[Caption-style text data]
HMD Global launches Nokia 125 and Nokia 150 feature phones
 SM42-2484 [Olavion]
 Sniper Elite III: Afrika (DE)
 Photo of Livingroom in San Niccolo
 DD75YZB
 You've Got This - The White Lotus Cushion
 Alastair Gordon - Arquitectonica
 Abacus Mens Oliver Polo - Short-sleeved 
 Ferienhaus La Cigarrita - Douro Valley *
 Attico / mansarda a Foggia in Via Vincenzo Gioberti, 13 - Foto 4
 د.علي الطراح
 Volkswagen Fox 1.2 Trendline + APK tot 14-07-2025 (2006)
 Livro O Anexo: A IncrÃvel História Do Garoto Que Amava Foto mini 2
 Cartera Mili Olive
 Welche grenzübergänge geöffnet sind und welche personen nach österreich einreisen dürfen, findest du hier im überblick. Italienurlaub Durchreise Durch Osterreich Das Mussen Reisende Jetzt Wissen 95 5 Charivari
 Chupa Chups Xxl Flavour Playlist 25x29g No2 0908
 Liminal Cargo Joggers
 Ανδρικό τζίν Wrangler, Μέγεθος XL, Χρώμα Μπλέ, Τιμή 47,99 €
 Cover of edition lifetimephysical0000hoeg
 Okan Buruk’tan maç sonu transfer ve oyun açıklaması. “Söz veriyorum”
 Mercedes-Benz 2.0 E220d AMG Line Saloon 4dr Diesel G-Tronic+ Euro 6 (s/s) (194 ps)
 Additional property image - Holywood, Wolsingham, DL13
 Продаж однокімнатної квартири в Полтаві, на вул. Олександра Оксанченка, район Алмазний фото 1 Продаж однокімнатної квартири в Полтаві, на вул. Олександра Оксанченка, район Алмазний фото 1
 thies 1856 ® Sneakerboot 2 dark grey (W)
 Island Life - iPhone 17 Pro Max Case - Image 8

TO DO => Transcribe every record above exactly as it appears.

ANSWER BOX =>
HMD Global launches Nokia 125 and Nokia 150 feature phones
 SM42-2484 [Olavion]
 Sniper Elite III: Afrika (DE)
 Photo of Livingroom in San Niccolo
 DD75YZB
 You've Got This - The White Lotus Cushion
 Alastair Gordon - Arquitectonica
 Abacus Mens Oliver Polo - Short-sleeved 
 Ferienhaus La Cigarrita - Douro Valley *
 Attico / mansarda a Foggia in Via Vincenzo Gioberti, 13 - Foto 4
 د.علي الطراح
 Volkswagen Fox 1.2 Trendline + APK tot 14-07-2025 (2006)
 Livro O Anexo: A IncrÃvel História Do Garoto Que Amava Foto mini 2
 Cartera Mili Olive
 Welche grenzübergänge geöffnet sind und welche personen nach österreich einreisen dürfen, findest du hier im überblick. Italienurlaub Durchreise Durch Osterreich Das Mussen Reisende Jetzt Wissen 95 5 Charivari
 Chupa Chups Xxl Flavour Playlist 25x29g No2 0908
 Liminal Cargo Joggers
 Ανδρικό τζίν Wrangler, Μέγεθος XL, Χρώμα Μπλέ, Τιμή 47,99 €
 Cover of edition lifetimephysical0000hoeg
 Okan Buruk’tan maç sonu transfer ve oyun açıklaması. “Söz veriyorum”
 Mercedes-Benz 2.0 E220d AMG Line Saloon 4dr Diesel G-Tronic+ Euro 6 (s/s) (194 ps)
 Additional property image - Holywood, Wolsingham, DL13
 Продаж однокімнатної квартири в Полтаві, на вул. Олександра Оксанченка, район Алмазний фото 1 Продаж однокімнатної квартири в Полтаві, на вул. Олександра Оксанченка, район Алмазний фото 1
 thies 1856 ® Sneakerboot 2 dark grey (W)
 Island Life - iPhone 17 Pro Max Case - Image 8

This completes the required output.